Exercise instructions:
Apart from the pictures, every entry must be retyped exactly.
----------------
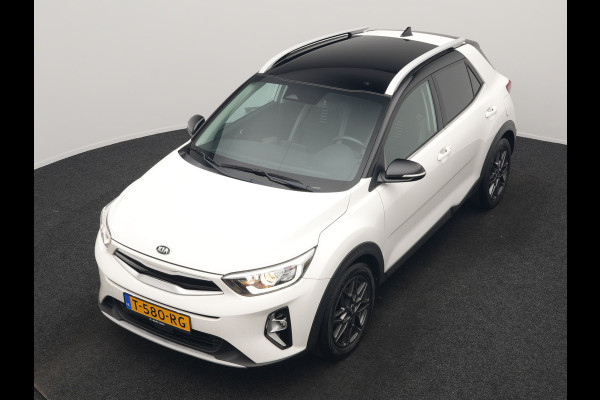 Kia Stonic 1.0 T-GDi Black Edition 99pk Handgeschakeld | Trekhaak Afn. | Camera | Apple Carplay | Cruise Control | Lane Assist | Navigatie | DAB |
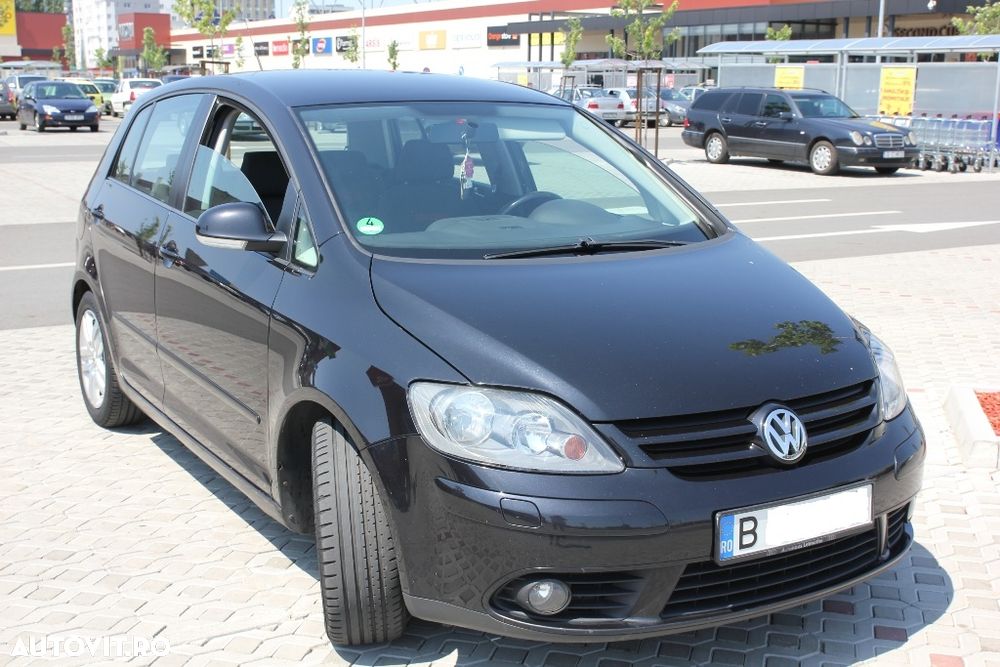 Volkswagen Golf Plus 1.9 TDI Comfortline - 8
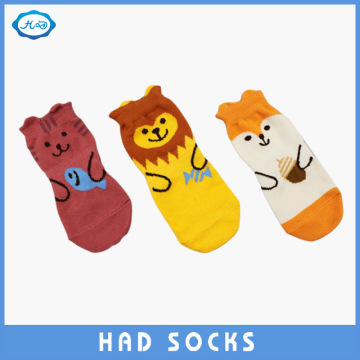 Cute cotton socks for children tube socks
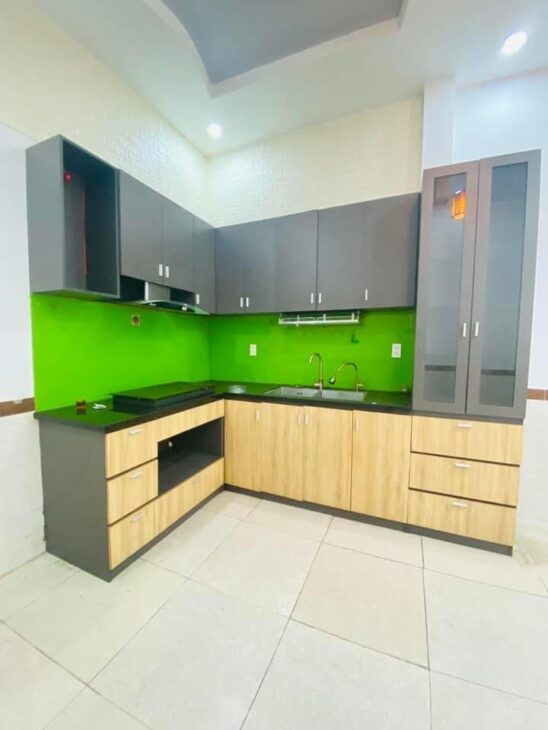 53m2, BÁN NHÀ 2 TẦNG BTCT, LÊ VĂN THỌ, HXH, P11 GÒ VẤP, NHỈNH 5 TỶ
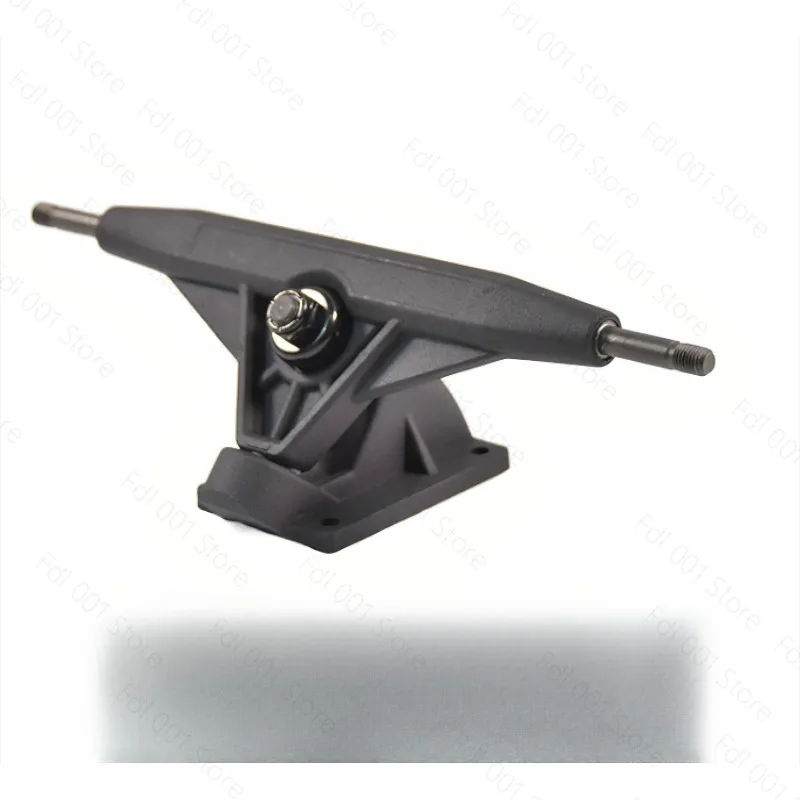 8 Inch Longboard Skateboard Truck Aluminum Alloy Front Steering Truck For Electric Skateboard Replacement Accessory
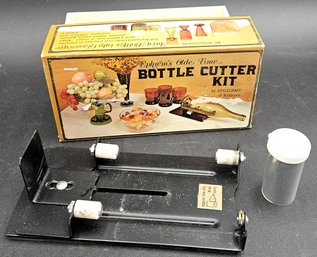 STYLECRAFT Of BALTIMORE Ephrems Olde Time Bottle Cutter Kit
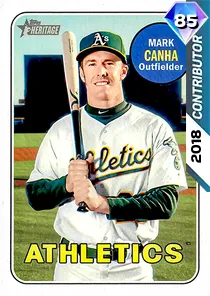 Mark Canha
----------------
Solution to this problem:
 Kia Stonic 1.0 T-GDi Black Edition 99pk Handgeschakeld | Trekhaak Afn. | Camera | Apple Carplay | Cruise Control | Lane Assist | Navigatie | DAB |
 Volkswagen Golf Plus 1.9 TDI Comfortline - 8
 Cute cotton socks for children tube socks
 53m2, BÁN NHÀ 2 TẦNG BTCT, LÊ VĂN THỌ, HXH, P11 GÒ VẤP, NHỈNH 5 TỶ
 8 Inch Longboard Skateboard Truck Aluminum Alloy Front Steering Truck For Electric Skateboard Replacement Accessory
 STYLECRAFT Of BALTIMORE Ephrems Olde Time Bottle Cutter Kit
 Mark Canha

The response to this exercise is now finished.